Fiat spenderà al closing dell’operazione 1,75 miliardi di dollari, ma al Veba ne andranno 4,35 (di cui 525 milioni in tre rate annuali posticipate). Come è possibile il miracolo? Semplice: il grosso dei pagamenti a Veba uscirà dalle casse della stessa Chrysler: 1,9 miliardi di dollari come dividendo straordinario (il massimo attualmente possibile) e 700 milioni in base a un accordo con la Uaw, il sindacato Usa dei lavoratori dell’auto che gestisce il fondo Veba. Quest’ultima contribuzione di Chrysler al fondo garantisce l’appoggio del sindacato nelle successive mosse di integrazione, compresa l’applicazione a Chrysler del sistema di World Class Manufacturing.

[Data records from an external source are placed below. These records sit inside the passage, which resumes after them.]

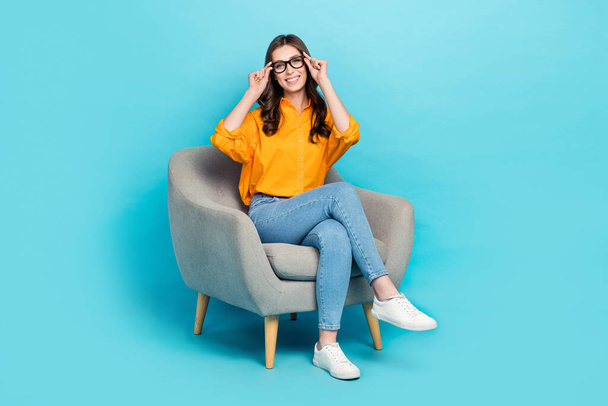 Full size portrait of cheerful gorgeous person sit chair hands touch glasses isolated on blue color background. - Foto, Imagem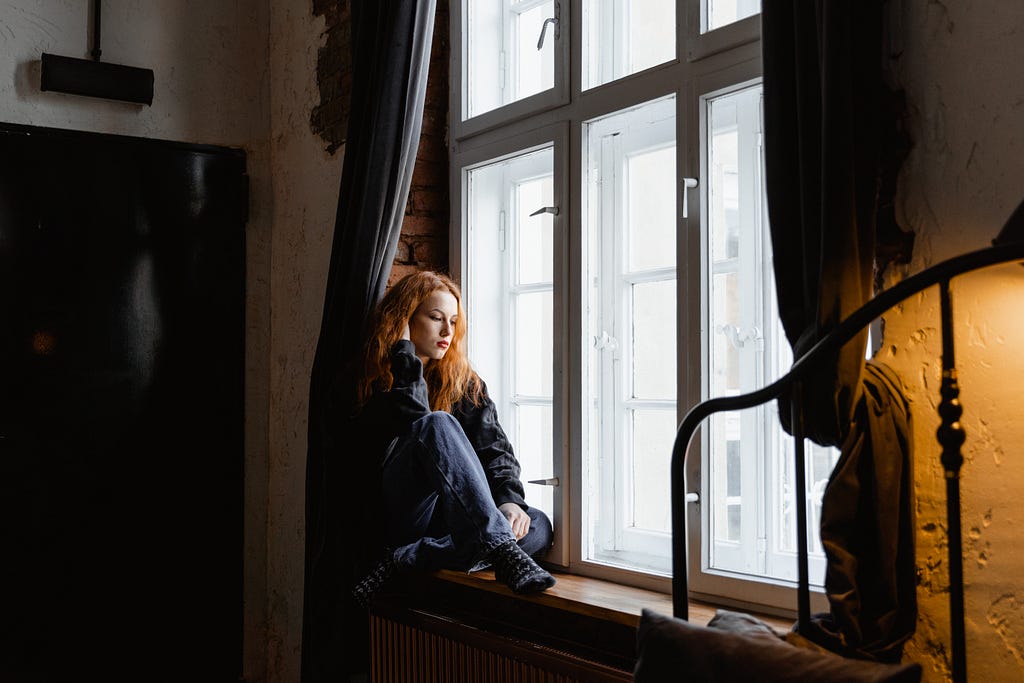 Woman sitting next to a large window in a dim room.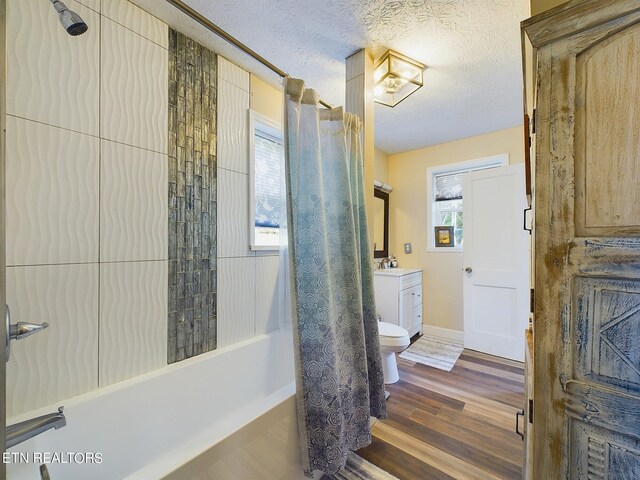 full bathroom featuring vanity, a textured ceiling, wood-type flooring, toilet, and shower / bath combo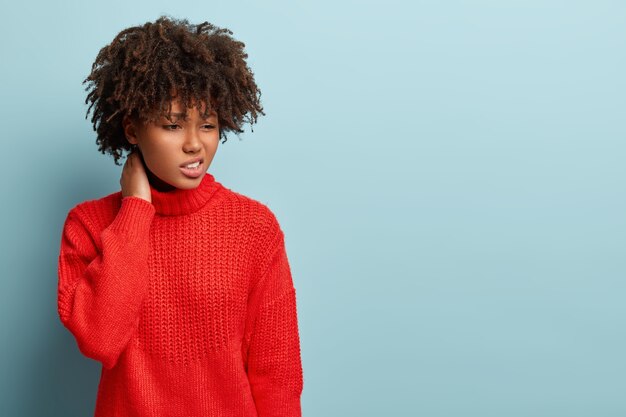 Mulher jovem com corte de cabelo afro e suéter vermelho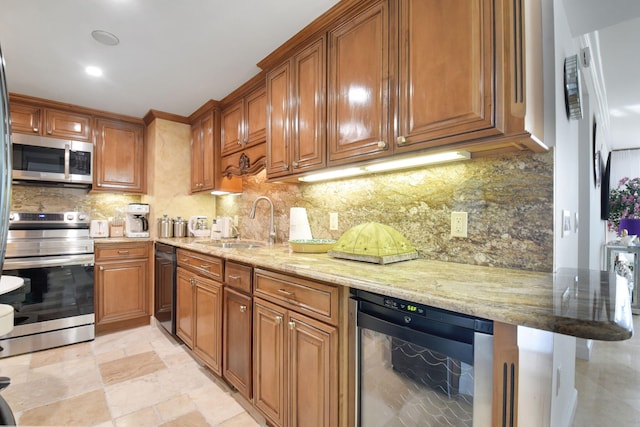 kitchen featuring light stone countertops, appliances with stainless steel finishes, sink, and beverage cooler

Contando anche i pagamenti degli anni scorsi, Fiat ha conquistato il 100% di Chrysler spendendo in tutto 3,7 miliardi di dollari (2,7 miliardi di euro), ovvero un decimo di quanto speso dai tedeschi di Daimler nel 1999 e meno della metà di quanto investito nel 2007 dal fondo Cerberus. Chi avesse ancora dei dubbi sull’abilità di dealmaker di Sergio Marchionne, è servito. Torino potrà fare a meno dell’aumento di capitale che molti analisti paventavano, poiché come detto il grosso dei fondi verrà dalla Chrysler stessa.
Poiché però questi fondi usciranno comunque dal perimetro del nuovo gruppo, sarà la futura Fiat-Chrysler a dover ricapitalizzare - come lo stesso Marchionne aveva fatto balenare in una delle ultime conference call con gli analisti. Ciò avverrà, con ogni probabilità, in occasione della quotazione in Borsa di Fiat-Chrysler dopo la fusione. Perché è proprio la fusione tra Fiat e la controllata - che dovrebbe arrivare entro il 2014 - il prossimo passo nel cammino verso la creazione di un gruppo transatlantico intrapreso da John Elkann e Sergio Marchionne nella primavera del 2009, quando Chrysler uscì dal Chapter 11 con l’aiuto di Fiat.
Restano sul tavolo due questioni fondamentali: quella sulla sede, legale e fisica, del futuro gruppo (Cnh Industrial, anch’essa nata da una fusione, ha fatto rotta sull’estero); e quella sulla strategia industriale, in particolare su quanti saranno e dove si dirigeranno gli investimenti indispensabili per fra fronte a una concorrenza sempre più agguerrita. Su entrambi i temi il sistema-Italia ha ancora carte da giocare, ma deve giocarle bene.